**Activity:** In this exercise, copy exactly the lines from the one that contains "Close up of" through the end of the entries below; pictures are not copied.

**Exercise data:**
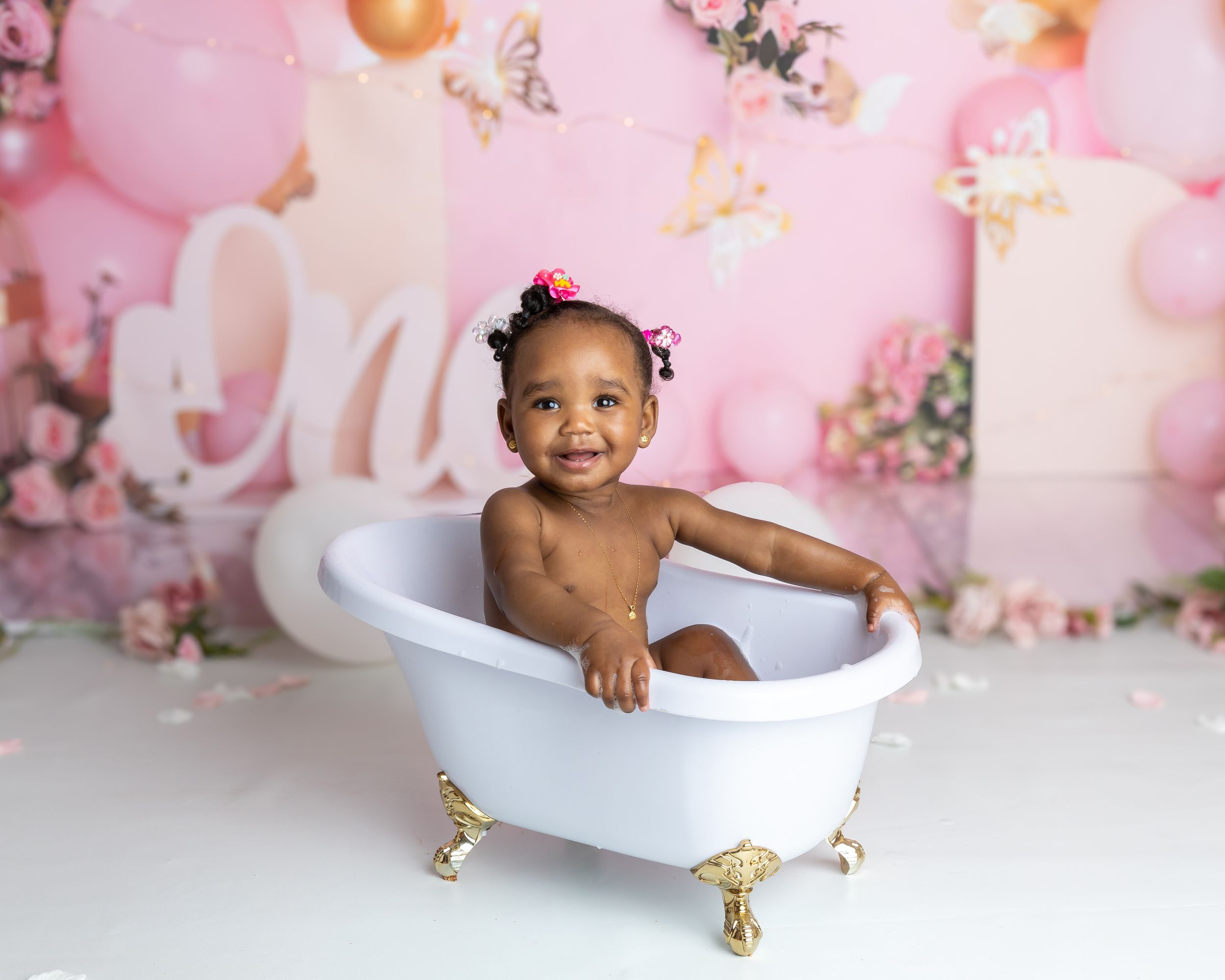 Picture of little girl in the splash bath at her cake smash celebrating one year old birthday party in Coventry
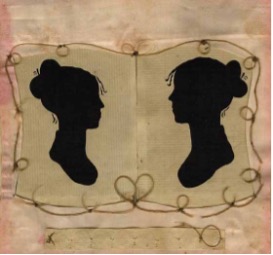 A pair of silhouetted female profiles presented in black against a background of cream-colored paper face each other. The artwork is framed in silk and braided human hair, which forms a delicate heart shape between the two dark shapes.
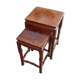 Nesting tables in ironwood with engraved decoration and gold highlights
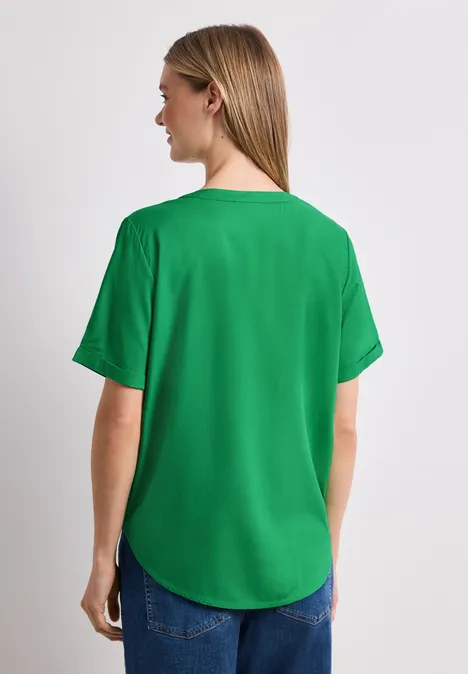 Frau von hinten in locker sitzendem grünen T-Shirt und Jeans vor weißem Hintergrund.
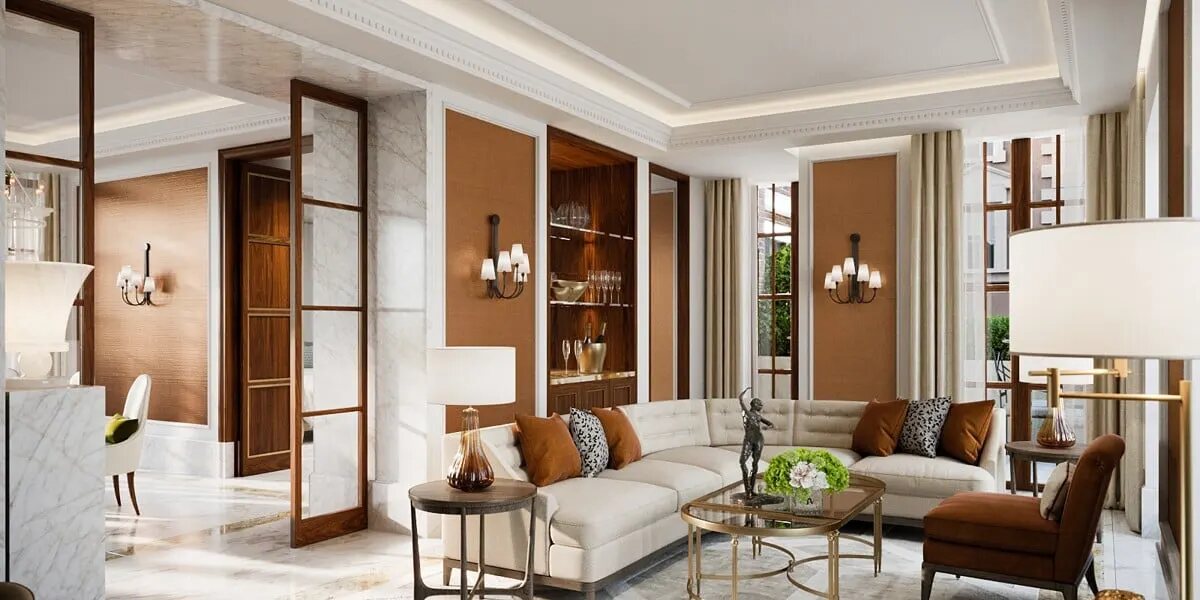 A Corinthia Rome suite living room with a white sofa, cognac leather accents, marble floors and a walnut bar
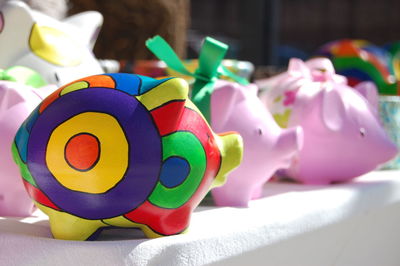 Close-up of colorful piggy banks on table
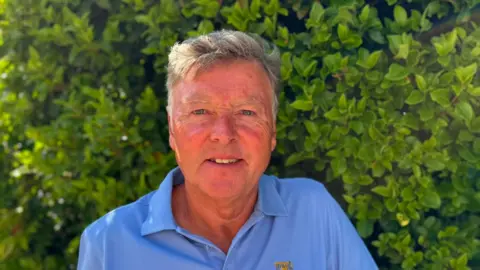 Russ Legg A photo of Russ Legg from the Tait's Hill Road Action Group. He is wearing a blue top and is standing in front of a green bush.
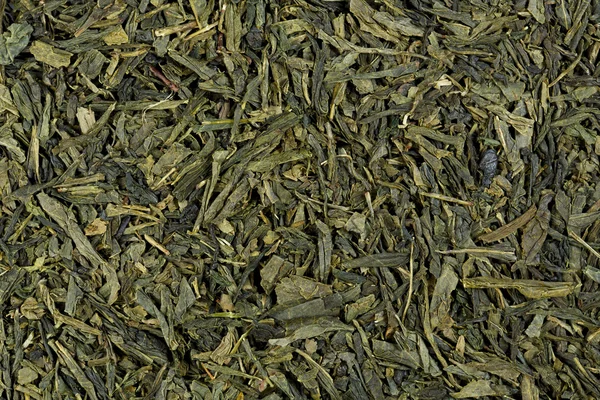Close up of green tea leaflets, detail, macro, full frame, horiz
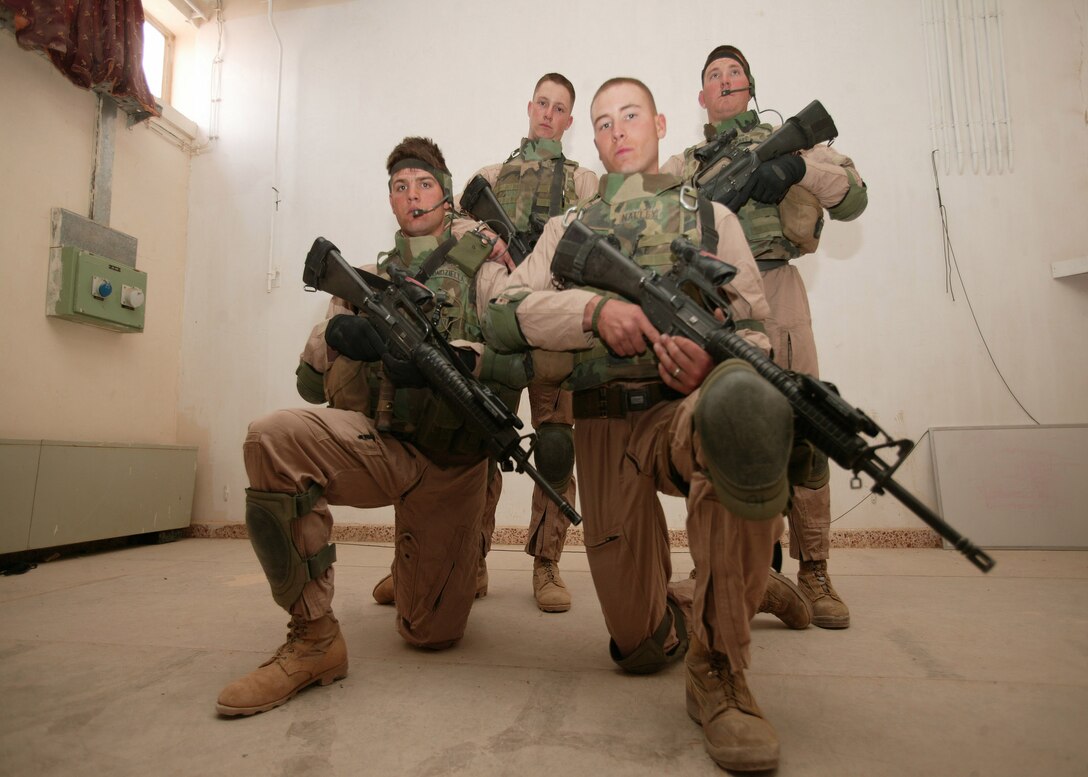(From left to right) Lance Cpls. Anthony Kondziella, Josh M. Nalley (bottom,) Christopher W. Smith and Justin R. Graff (top,) serving with Marine Wing Support Squadron 271's Immediate Reaction Team, stand ready every hour of the day to complete the IRT mission. The platoon of Marines has been conducting security escorts for the squadron's Explosive Ordnance Disposal team as they respond to calls on and around Al Asad air base, Iraq.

**Response below:**
Close up of green tea leaflets, detail, macro, full frame, horiz
(From left to right) Lance Cpls. Anthony Kondziella, Josh M. Nalley (bottom,) Christopher W. Smith and Justin R. Graff (top,) serving with Marine Wing Support Squadron 271's Immediate Reaction Team, stand ready every hour of the day to complete the IRT mission. The platoon of Marines has been conducting security escorts for the squadron's Explosive Ordnance Disposal team as they respond to calls on and around Al Asad air base, Iraq.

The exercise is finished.